We already know what an iPad in 1996 would've looked like:
The
Apple Newton, iPhone and iPad's great-grandaddy.
This WAS what the technology was capable of at the time. IGZO displays didn't exist; Color LCDs didn't even exist with the level of quality we see today. So you'd have a black and white LCD screen.
As mentioned above, the web didn't exist yet, but there was rudimentary forms of Internet access, and cellular networks of the time supported a crude, slow dialup type of service (slow even for dialup). There was also the
DataTAC network, which had low bandwidth data capabilities for basic messaging and such.
But the Newton had things the iPad doesn't. Like Faxing! And receiving text pager messages!

It also had an IR beaming function, so if other Newton users were nearby, you could "beam" them items if the two devices were line of sight to each other.
What else... there was no camera, no FaceTime, no capacitive touch screen. It was pressure sensitive though, and you had to use a stylus. But, the Newton could do handwriting recognition... sorta.
People complain about the iPad Air's 1GB of RAM... try 640
Kilobytes on the Newton, total, to share between active "apps" and your data. Oh, and it was volatile memory too: if you let your batteries run down for too long, the memory would wipe. You
could add external memory cards though... up to 4 Megabytes.
And the starting price was $699 back in 1993 when it was first introduced. Adjusted for inflation, that's $1,129.75 in 2013 dollars.

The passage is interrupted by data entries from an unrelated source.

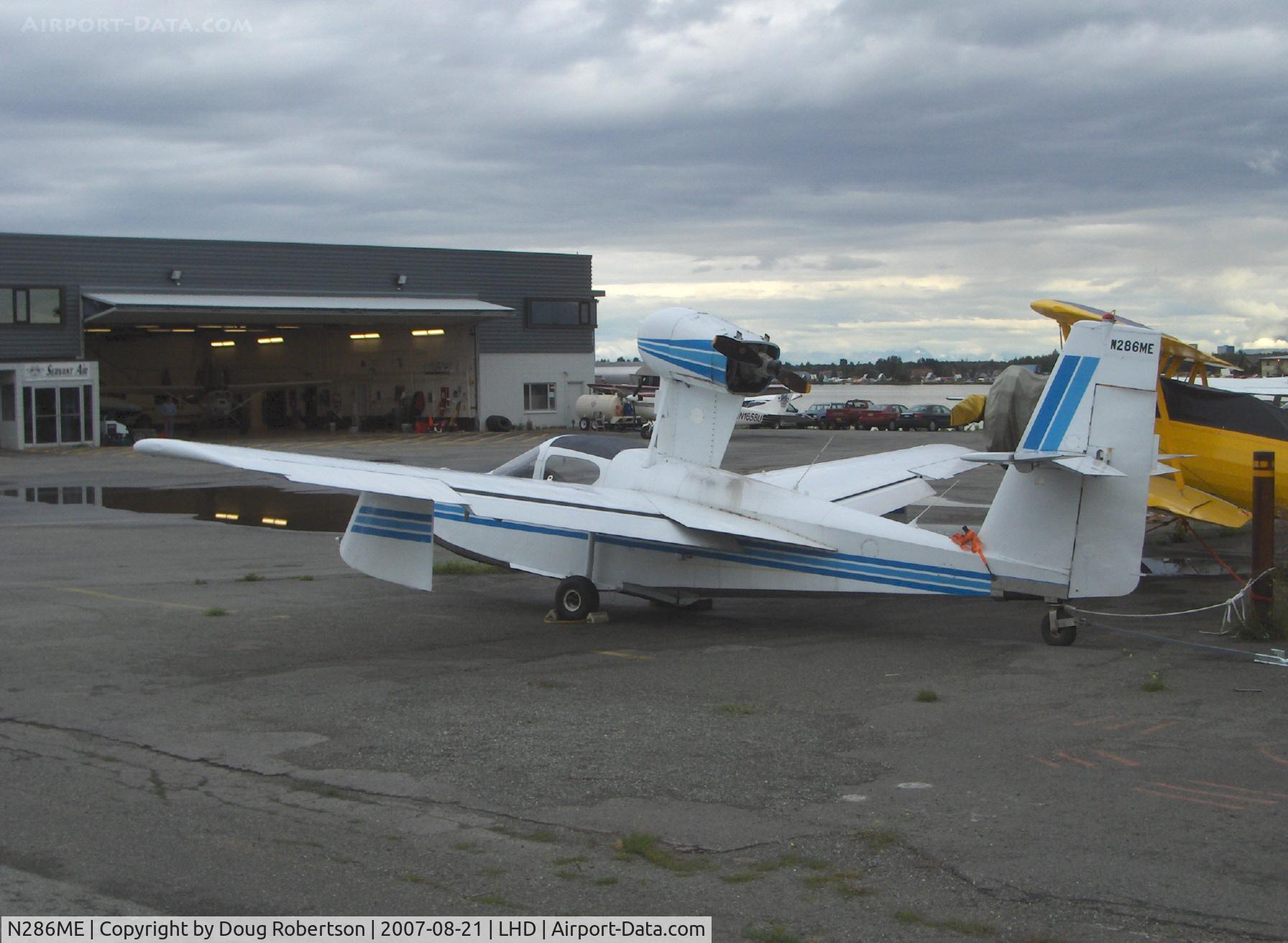 N286ME, 1969 Lake LA-4 C/N 410, 1969 Lake LA-4-180, Lycoming O&VO-360 180 Hp, one of the few amphibians I saw at Lake Hood; most seaplanes were on straight floats.
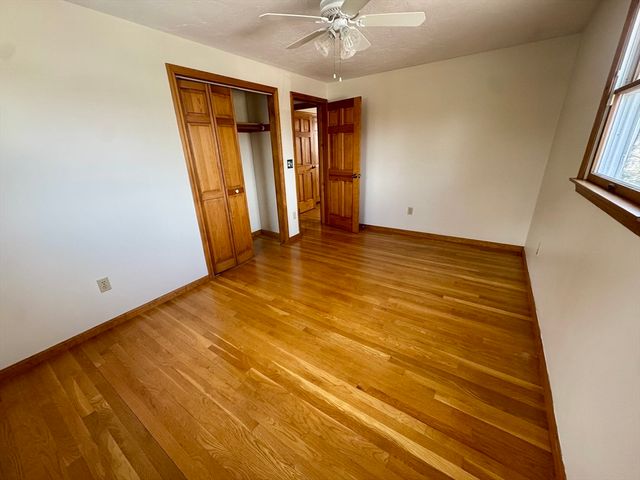 15 Curlew St single, Boston, MA 02132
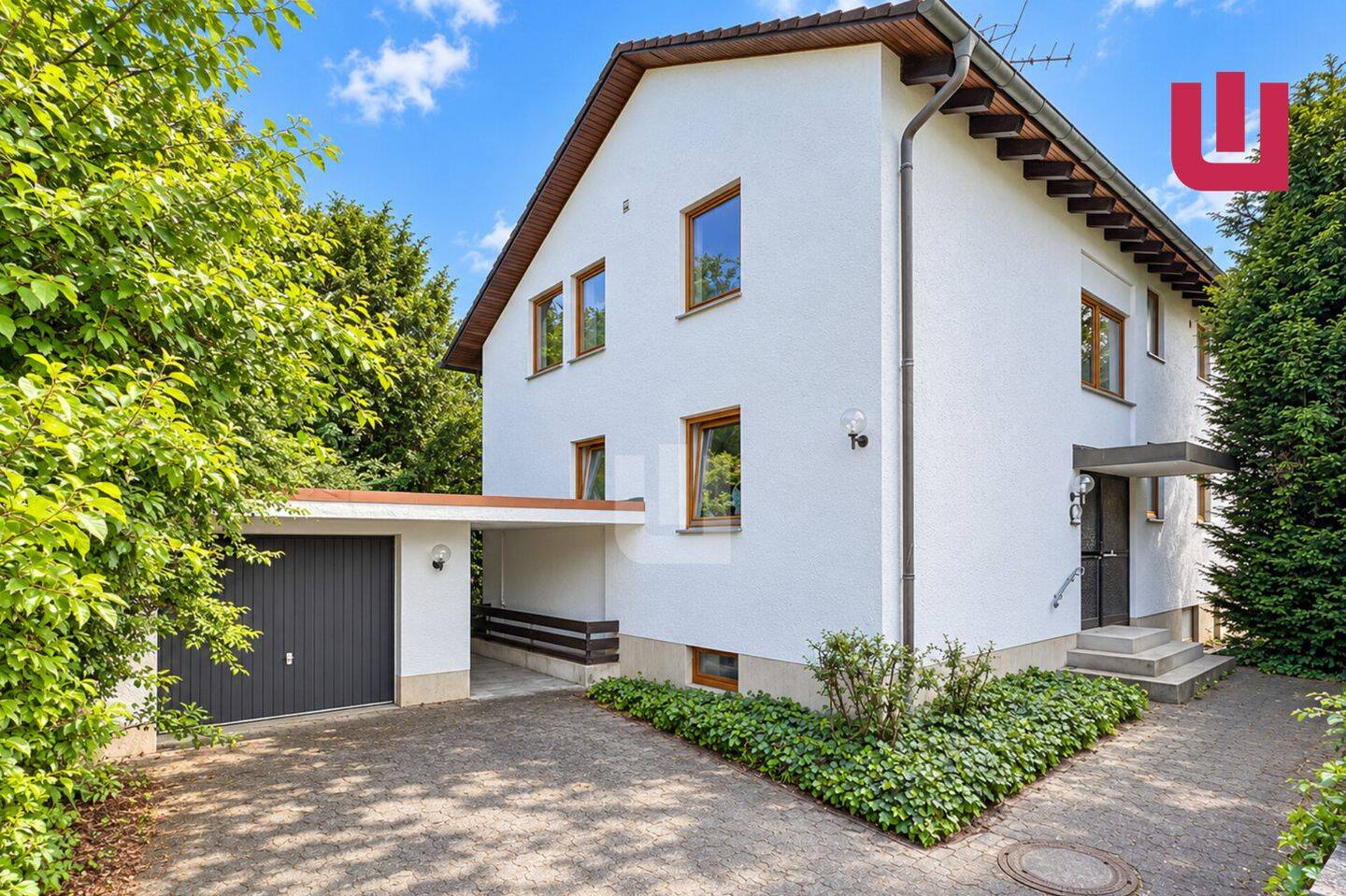 WINDISCH – Erstbezug nach Renovierung: Charmante 2-Zimmer Wohnung mit großem Balkon in ruhiger Lage, 82194 Gröbenzell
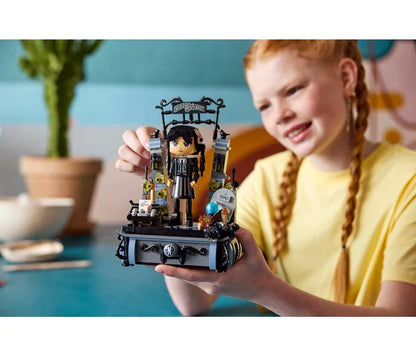 LEGO Wednesday - Wednesday Addams figuur - 76780
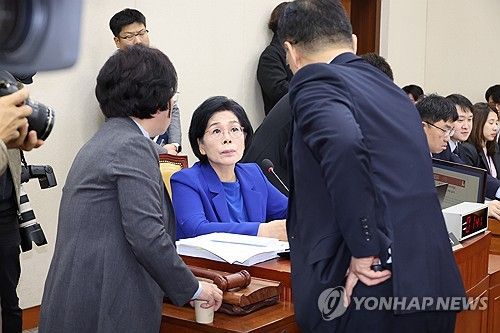 간사와 대화하는 최민희 과방위원장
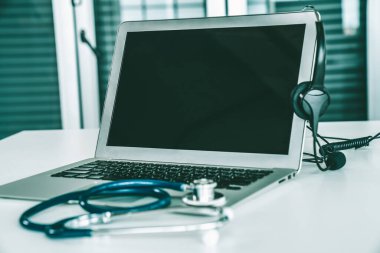 Klinikteki kulaklık ve doktor ekipmanları hasta için aktif destek için hazır.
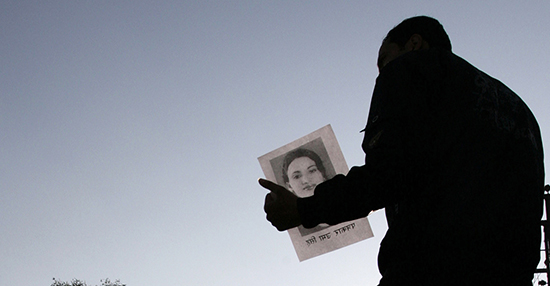 Un journaliste tient une photo de la journaliste de radio népalaise, Uma Singh, qui a été assassinée en 2009. (Reuters/Shruti Shrestha)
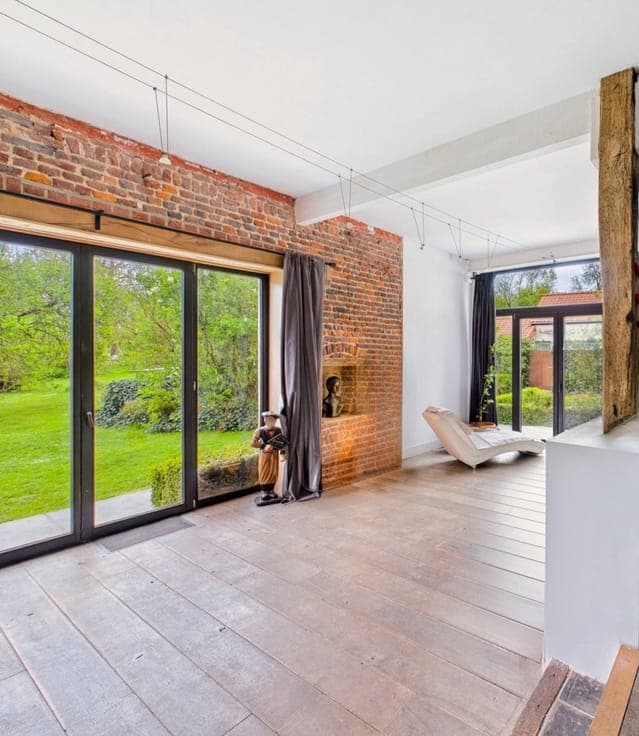 Prestigious property with rare charm in exceptional setting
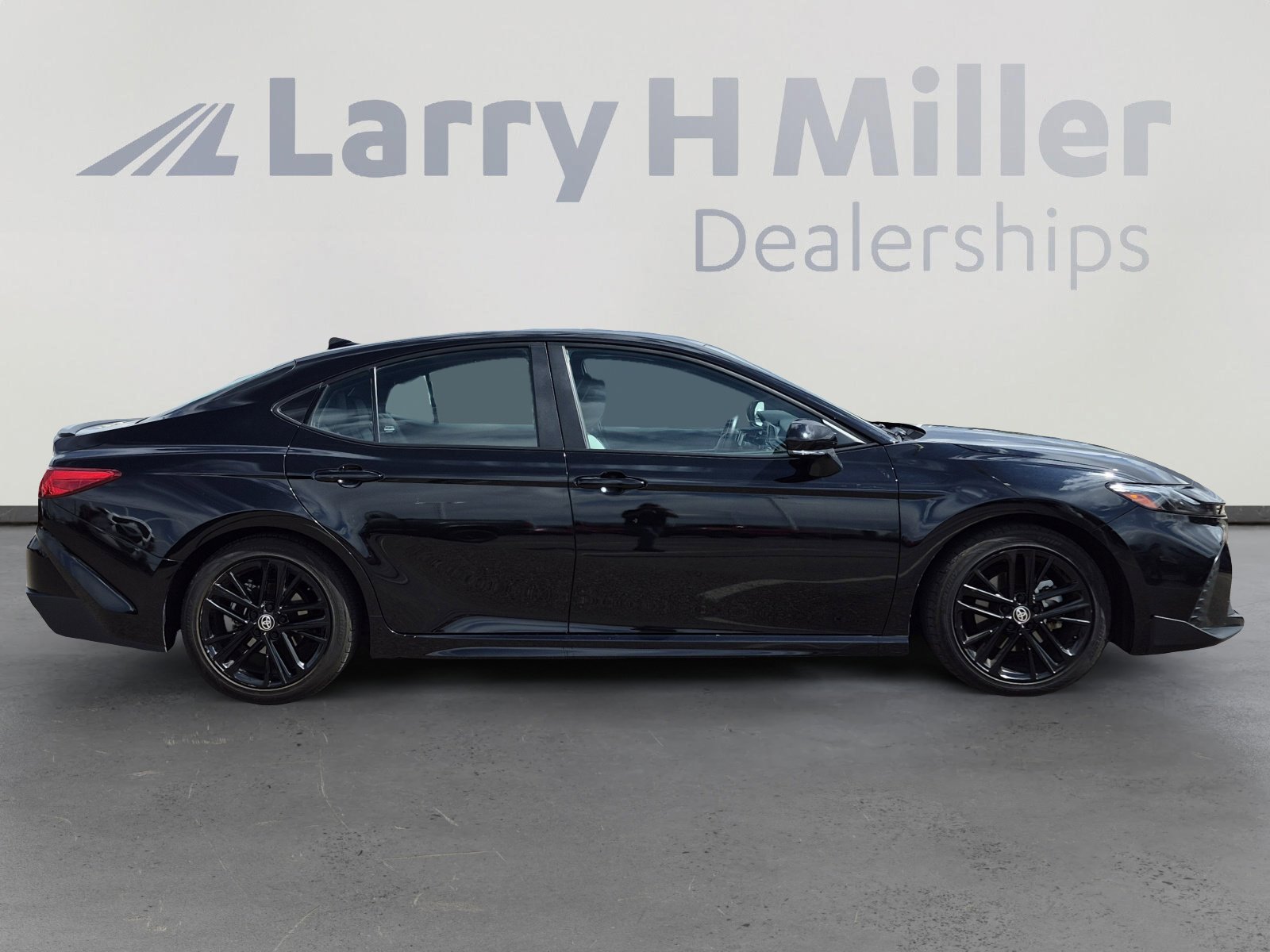 Certified 2025 Toyota Camry SE image 6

Anyway, this was what the tech was capable of at the time. Making something exactly like the iPad Air in 2013, or even close to it, would've been impossible. The battery technology didn't exist, the processor technology wasn't there yet, the high capacity RAM and Flash storage wasn't even possible to make with the manufacturing equipment of the time. Even a non retina iPad 2 display would've been impossible to make at the thinness required. All the money in the world couldn't buy you an iPad Air in 1996.